-----BEGIN PGP SIGNED MESSAGE-----

Adam brings up several interesting points.  I hold forth on my
particular ideas on this subject from time to time and perhaps it is
time again.  I am not really interesting in the AP-type aspects of the
eternity business myself.  I am of the school of thought that believes
that mother nature (in the form of naive users, thumb-fingered site
admins, backhoe operators, etc) is a tougher opponent than all but the
most determined and well-financed adversaries.  My solution to the
eternity problem is to build a universal file system that robustly
handles all the "ordinary" problems of data delivery and file system
security.  The resulting mechanisms and traffic provide a great haystack
in which to bury the miniscule quantity of really problematic content.
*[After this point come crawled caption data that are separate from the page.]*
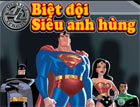 Biệt đội siêu nhân
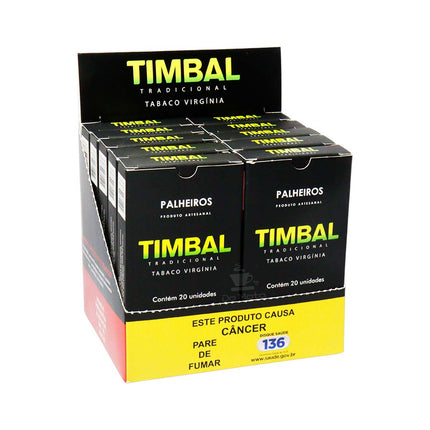 Palheiros Timbal Tradicional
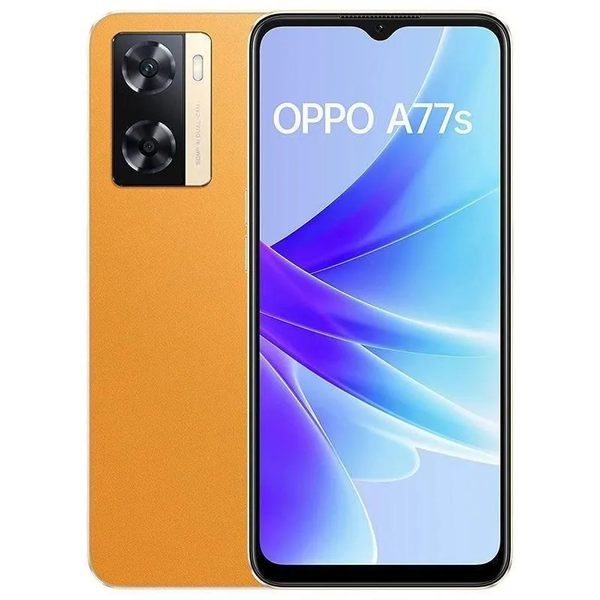 OPPO A77s (128GB) smart phone opp infi tecn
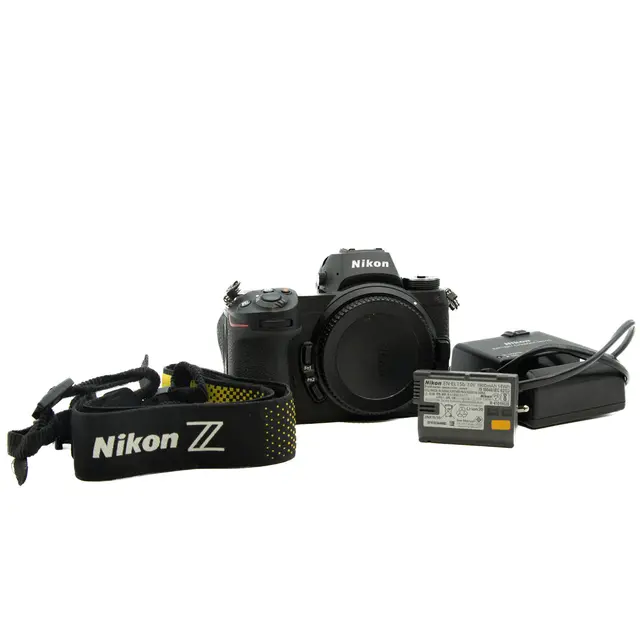 Nikon Z6 Tilstand: 2 |9363 eksp. 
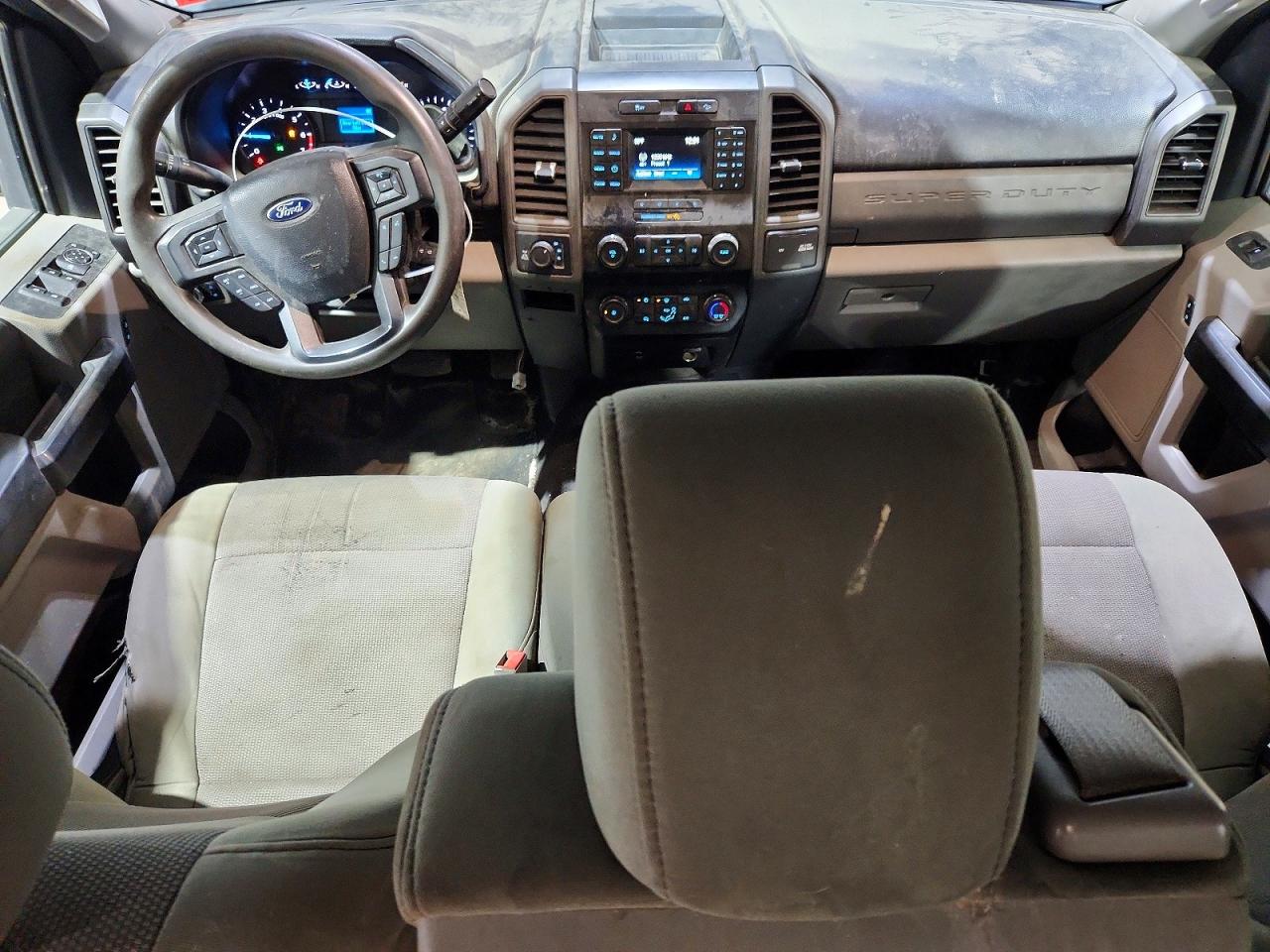FORD F250 2019 — 9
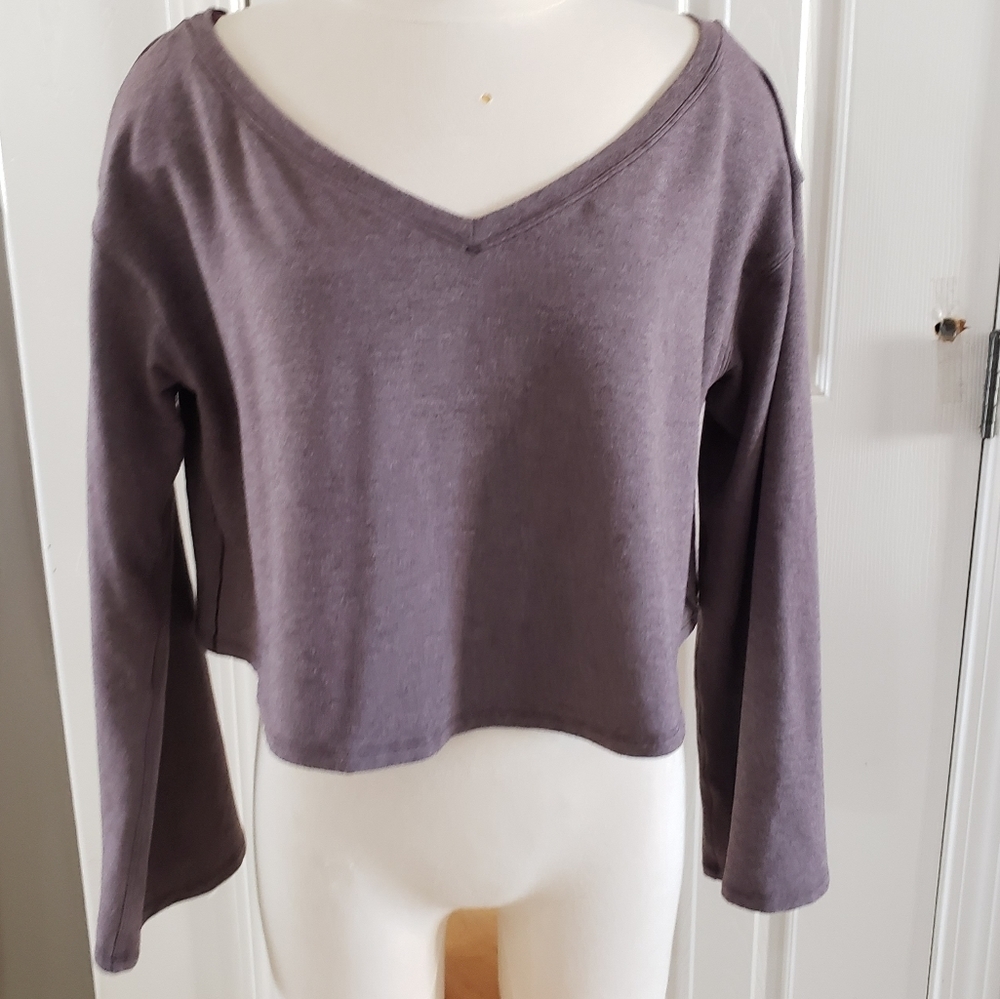 Lululemon top Show your Depth size Medium/Large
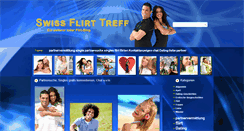 Desktop Screenshot of flirt-treff.ch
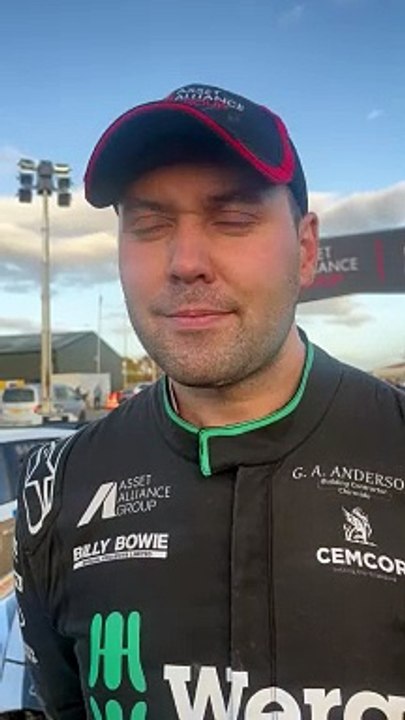 Garry Pearson wins Snowman Rally 2024 - video Dailymotion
The primary step is to divide all files into two classes: immutable and
database.  The former consists of almost all regular files; directories
mainly comprise the latter group.  In most cases read/write files are
really just a series of immutable versions of a file that replace each
other as the contents of a particular entry in the namespace.  Write
sharing is accomplished by obtaining the latest version of the file from
the namespace.  For very fine-grained write sharing you need a database.
The premiere example of which is the directories of the namespace
itself.

A result of this split is that access to non-public files is
best controlled by encrypting the data at its source (the producer) and
handing out certificates giving authorized users access to the key.
Write access resides in the namespace: the authority to change the
"meaning" of a name.

A namespace entry points to a file via its file identifier.  The best
thing to use for this identifies is a hash of the file's content (a
cfid).  Except for public data, the hash is taken over the encrypted
content.  This makes the identifier self-signing, so there is never a
question of getting the wrong data.  The consumer looks up the name in a
directory and fetches the file with the specified cfid.  If the received
bytes have the correct hash, it is the file the producer wrote.

The immutability property makes caching very easy because cache
coherence is automatic.  If you have the specified cfid in your cache it
is guaranteed to be the correct data.  All the timeliness is vested in
the namespace.  Because directories are already a write shared database,
they must be updated via authenticated communication with the owner (or
an online server acting on his behalf).  Lookups need to go to the
owner, or a replica which the owner informs synchronously of directory
updates.  This assures that the cfid is current and any resulting cache
hit is guaranteed correct.  This provides open / close cache
consistency.

The use of content hash identifiers relieves the delivery mechanism of
all security concerns.  Privacy is provided by encryption, and
authentication (connecting the name to the desired content) is provided
by the namespace.  The storage, transport, caching and replication
services only have to deliver bytes that match the requested cfid: they
are working or broken.

This neatly breaks the file system into two independent parts: a
delivery system and a namespace.  Certificates used to pass private
data between producers and consumers are just a specially formated type
of encrypted file in the namespace.  I spend more words talking about
the taxonomy of file system functions here[1].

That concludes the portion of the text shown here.